In the copy, include exactly the lines from the one with "2021 | snapseed" through the end of the data and no others, both ends kept, with every picture left out.

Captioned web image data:
╔══

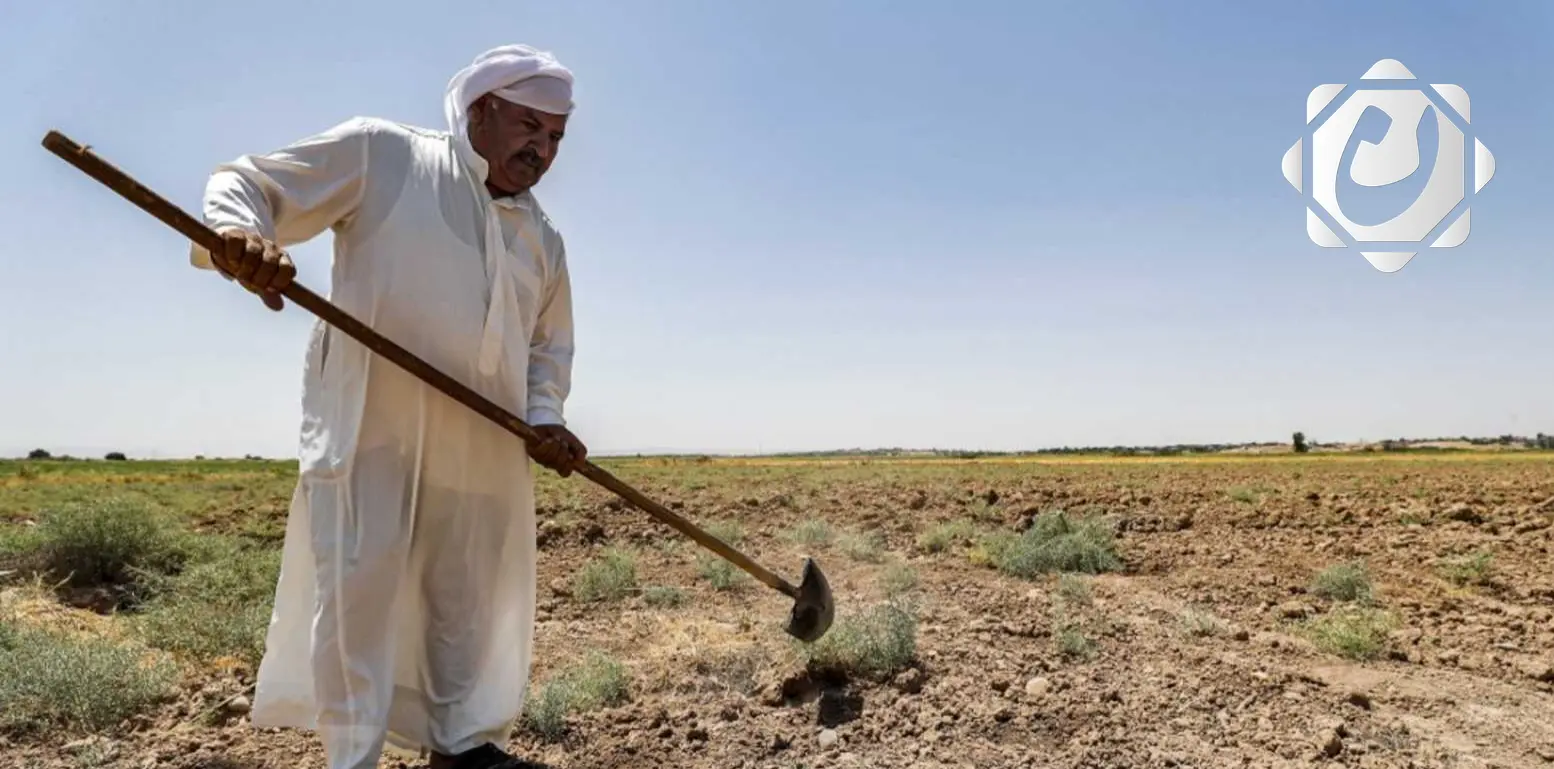التغير المناخي يؤدي إلى فقدان 50% من الأراضي الزراعية في العراق سنوياً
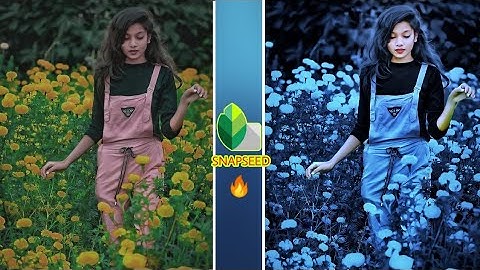 Snapseed  moody blue photos editing | snapseed photo editing 2021 | snapseed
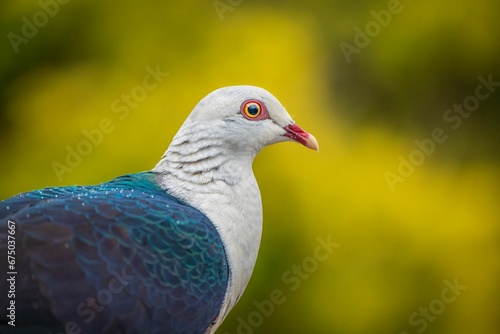 White-headed Pigeon is in the foreground, standing in front of a lush green background © Wirestock
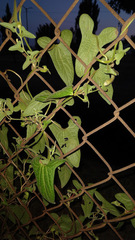 Aristolochia pringlei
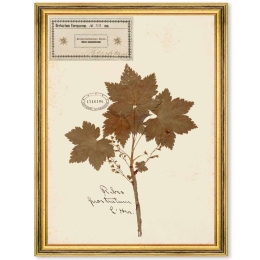 Κάδρο Herbarium Alpinium XII FA13466 35x50cm Multi MindTheGap Κάθετοι Ξύλο,Γυαλί
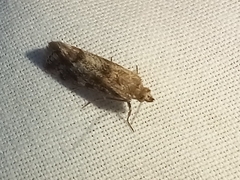 Tegostoma comparalis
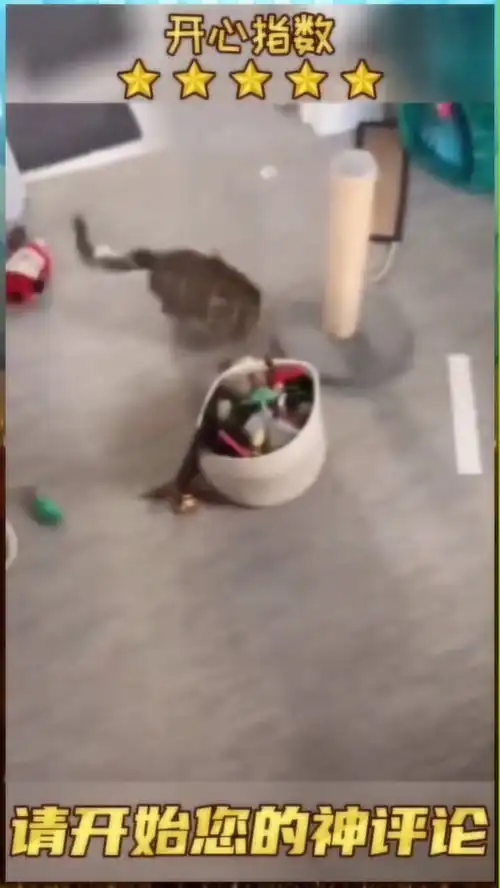 好奇心害死猫,老鼠没粘到,没想到猫咪上去了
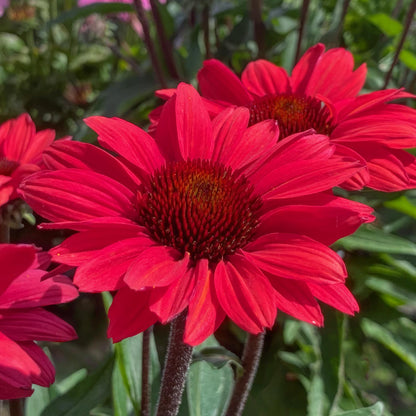 Echinacea 'SunSeekers Red'. Close-up of vibrant red flowers with green leaves in the background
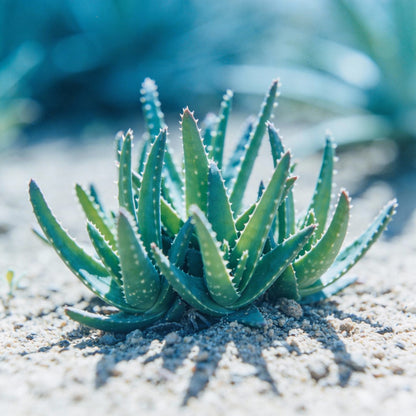 Aloe Weed Blue Flower Seeds For Planting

╚══

**Exercise result**:
 Snapseed  moody blue photos editing | snapseed photo editing 2021 | snapseed
 White-headed Pigeon is in the foreground, standing in front of a lush green background © Wirestock
 Aristolochia pringlei
 Κάδρο Herbarium Alpinium XII FA13466 35x50cm Multi MindTheGap Κάθετοι Ξύλο,Γυαλί
 Tegostoma comparalis
 好奇心害死猫,老鼠没粘到,没想到猫咪上去了
 Echinacea 'SunSeekers Red'. Close-up of vibrant red flowers with green leaves in the background
 Aloe Weed Blue Flower Seeds For Planting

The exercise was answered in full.